Almost always, the stated amount for that type of thing is meaningless. Chopped, whole, minced, or diced should be obvious based on what you’re making; but I find the amount is usually too little. Too much salt or a particular spice is one thing. But bulky things like vegetables or shredded cheese or meat is another.
Moderator Action
Since this thread has progressed beyond the factual question asked in the OP and has moved on to include general cooking advice (and it has made me develop a sudden craving for cookies), let’s move it over to Cafe Society.
Moving thread from General Questions to Cafe Society.
IF the OP is from an English-speaking country other than the USA, why is he (or she) encountering cookbooks with recipes that call for CUPS (as opposed to metric weights [or more pedantically, masses])?
Rice cookers ask for a ‘cup’ of rice or water, but they invariably mean that little plastic cup that comes with it, which is only 180 ml.
Edit: kaylasdad99, my guesses were second-hand cookbooks, or perhaps cookbooks bought from overseas (even via Kindle etc.) by various ‘celebrity’ chefs or that are supposed to be ‘standard’ cookbooks but weren’t converted for the local market. As an American, I’ve bought cookbooks from the UK or Australia that obviously were written with their home audience in mind. Some US cookbook writers try to take metric measurements into consideration as a secondarily-noted measurement, but with varying levels of success.
You can certainly buy US measuring cups in Canada and most of our recipes use them. I find cups quite convenient. In most cases, the measurements are not crucial. I mean if a recipe calls for 2 cloves of garlic, you can see that that is horribly imprecise. In the end you have to use your judgment. I find it quite easy to cook using volumetric measurements. I do own a scale but rarely use it.
BTW, the US and Imperial ounce are also not the same. So that a US pint is about 5/6 (not 4/5) of an Imperial pint. Does that matter in cooking? Short answer: no.
Cups are easy to use. You never pack flour into a measure cup. Scoop it full and gently level off the top with a knife. Simple.

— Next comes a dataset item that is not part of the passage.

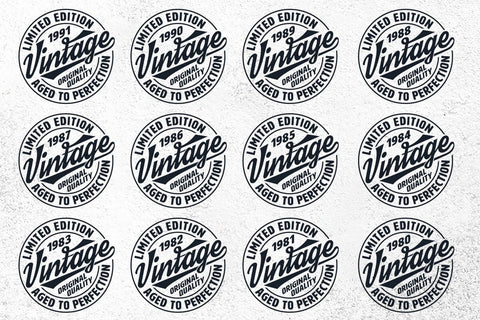 Vintage Limited Edition Svg Png Files, Birthday Svg, Aged To Perfection Svg, Circle Frame Svg SVG DesignDestine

Sometimes a recipe will tell you to pack the cup. Thats usually brown sugar. I can’t think of anything else.
liquid measures are based on factors of 8
8 oz to a cup
16 oz to a pint
32 oz to a quart
64 oz half gallon
128 oz in a gallon
2 tablespoons equals 1 oz
You need to retain space for the head or the beer goes all over the bar.
And as an ingredient list really only shows the proportions of each ingredient, if you consistently use the same measuring tools you will end up with a fair approximation of what the writer intended. The art comes from knowing the adjustments to make so it tastes the best to you. To wit:
I use “about yea” a lot, but I am giving visual demonstration at the time. Cooking is a skill learned by doing it, and recipes are just rough guidelines. America’s Test Kitchen, though, claims its recipes are the results of many experiments, and even the failure were probably pretty darn good. I’d be morbidly obese if I worked there. Oh, wait…
This. For a lot of things, a wide range is close enough. So a “cup” is about a quarter liter, and you can use a little more or less to suit your taste.
Asking my wife, the only exception would be making cake from scratch, where the ingredients need to be in the right proportion. It’s important for bread, but you need to do that by feel (she says). You can add a little water or a little flour to get the right consistency.
Please allow me to fill in some blank spots.
When measuring liquids, surface tension pulls the liquid a little higher than the actual surface (that’s called the meniscus.) To get a standard cup, the top of the meniscus comes to the line.
For dry measures, fill a little above the measuring cup, and level it off by dragging a straight edge across the top.
In the coffee making world, for some reason, a cup is 5 ounces.
Flour is tricky stuff. Scooping it up can compress it, and sifting can inflate it unreliably. It’s better to weigh it. The chart I use says a cup of flour is 140g. If you’re paying attention, you noticed that differs from the chart in Bozuit’s link. In my bread making, 140 works very well.
You left out “until it smells right”, which is a point of minor contention in my family.